The world fought for Bita, and the world fought for the larger things that Bita represents: justice, gender equality, safe haven, human rights, and a demand that our governments recognize and comply with our human rights instead of violating them at their convenience. Our governments seem to need the occasional reminder that THEY serve at OUR will, and not the other way around; they would do well to remember that.
This is a summary of the day’s activities from the perspective of Mission Free Iran, and the story starts from a few days before.
On Friday April 16, 2010, we got word from England via @khoshkeledoc that England decided to go forward with Bita’s deportation. Seven officers from the UK Border Agency implemented a dawn raid on Bita’s home, treating Bita and her partner as if they were violent criminals, and arrested and detained her.
The British government left almost no daylight between the time that they chose to announce her deportation and the time that they had booked and ticketed her flight, April 20, 2010 and 7:00pm out of Heathrow. Despite this short time frame, concerned people from around the world understood what was at stake in Bita’s case, and threw all of their efforts into raising awareness about Bita’s imminent deportation, lobbying the British government on Bita’s behalf, and preparing to implement protests should Bita’s final appeal on April 19 fail.

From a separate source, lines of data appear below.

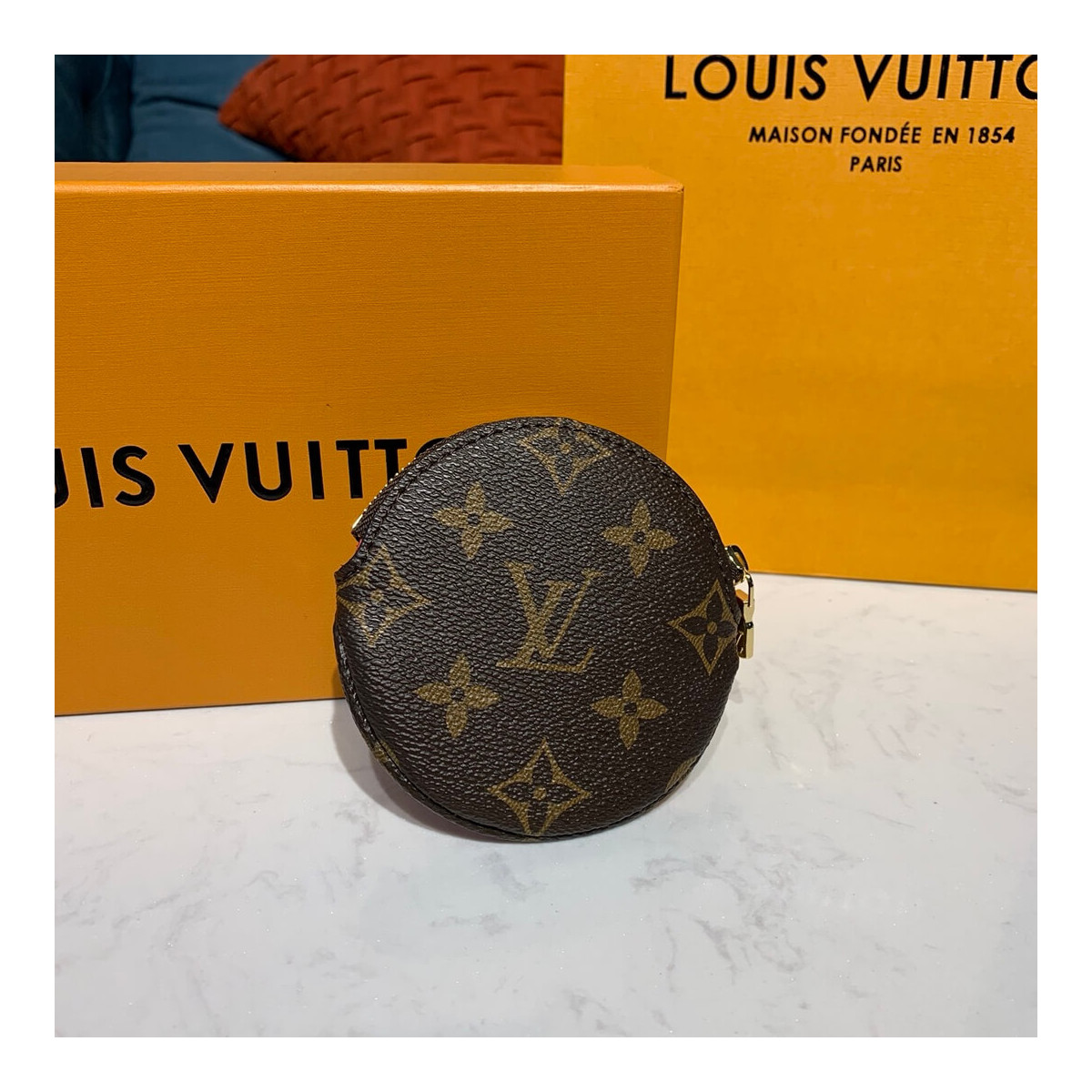 Louis Vuitton Paris Round Coin Purse M61926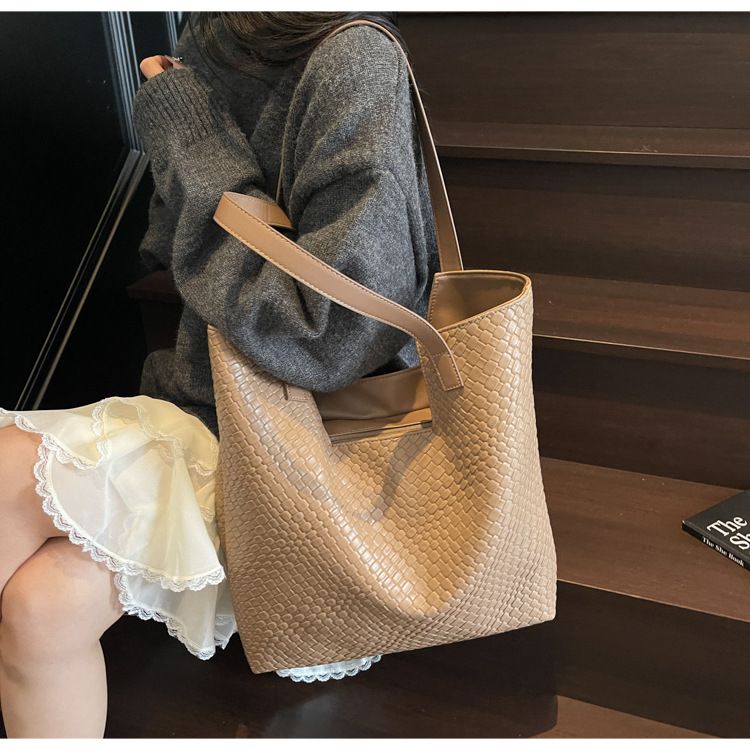 Women's Large Capacity Woven Tote Bag For Work & Travel, Stylish Shoulder Bag With Zipper Closure, Black/Beige/Khaki/Brown_voghion.com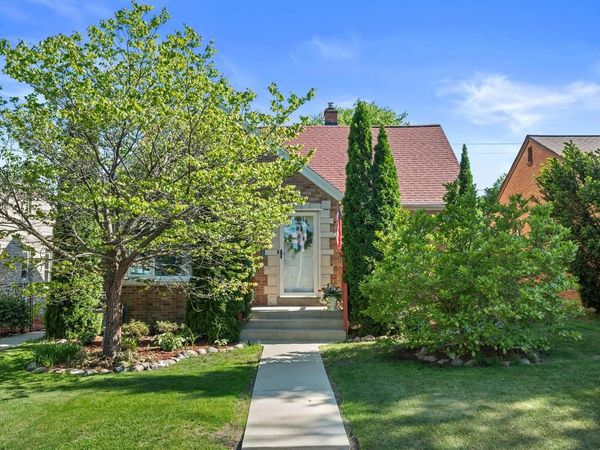 3321 W Oklahoma AVENUE SW, Milwaukee, WI 53215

Raising awareness about Bita’s case was our first challenge. As with the Jamal Saberi case, the mainstream mass media has studiously refused to cover Bita’s situation, and neither Human Rights Watch nor Amnesty International have posted anything about Bita’s situation on their websites or Facebook pages at the time of this writing. I understand that HRW was very responsive in the field regarding Bita’s case, and that is excellent but it is not enough. When HRW and Amnesty market themselves and have come to be seen as the top human rights organizations in the world, their failure to cover cases like Bita’s results in people questioning the legitimacy of her case. I strongly critique Amnesty and HRW for this, and hope that they manage to rectify this situation; until then, they do more harm than good for the Bita Ghaedis and Jamal Saberis of the world.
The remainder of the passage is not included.